Selling and administrative expenses during the quarter increased $1,172,000 or 14.4% to $9,325,000 or 32.8% of net sales compared to $8,153,000 or 31.3% of net sales for the same period last year. The increase was due to $934,000 in transaction-related costs recorded during the quarter in connection with the Merger (see Note 9 to the condensed financial statements above) as well as increases in freight on sales and district sales expenses, offset in part by decreases in insurance, professional fees not related to the Merger, and life insurance proceeds.


Our net sales during the quarter ended March 31, 2012 increased $2,324,000 or 8.9% to $28,408,000 compared to $26,084,000 for the corresponding period in 2011. The increase was due to higher net sales of our belt merchandise offset in part by a reduction in personal leather goods and gift net sales. The increase in belt net sales was mainly due to shipments of private label goods to certain major department store accounts in connection with both new and existing merchandise programs. For personal leather goods, a decrease in shipments to certain “labels for less” customers was offset in part by increases to department store customers.


Interest expense decreased by $5,000 or 11.9% during the quarter ended March 31, 2012 compared to the corresponding period last year. The decrease was due to a reduction in average borrowings. Average borrowings under our revolving credit agreement during the quarter fell $494,000 or 30.5% compared to the same period last year. The decrease in average borrowings was due to an increase in cash collections offset in part by an increase in inventory investment during the quarter, in each case relative to the corresponding period last year.

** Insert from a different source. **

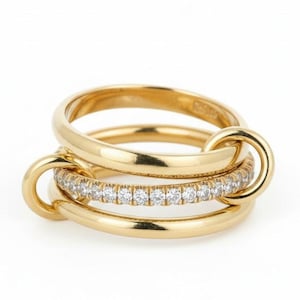 May include: A set of three gold rings. The top and bottom rings are plain gold, and the middle ring is set with small, clear gemstones. The rings are linked together with curved gold connectors.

You are urged to consider all such factors. In light of the uncertainty inherent in such forward-looking statements, you should not consider their inclusion to be a representation that such forward-looking matters will be achieved. Any forward-looking statements relating to the proposed transaction with Randa Accessories Leather Goods LLC, a Delaware limited liability company (“Randa”), discussed in this Form 10-Q are based on our current expectations, assumptions, estimates and projections and involve significant risks and uncertainties, including the many variables that may impact or are related to consummation of the transaction and the continuing determination of our board of directors that the transaction is in the best interests of all stockholders. We assume no obligation for updating any such forward-looking statements to reflect actual results, changes in assumptions or changes in other factors affecting such forward-looking statements.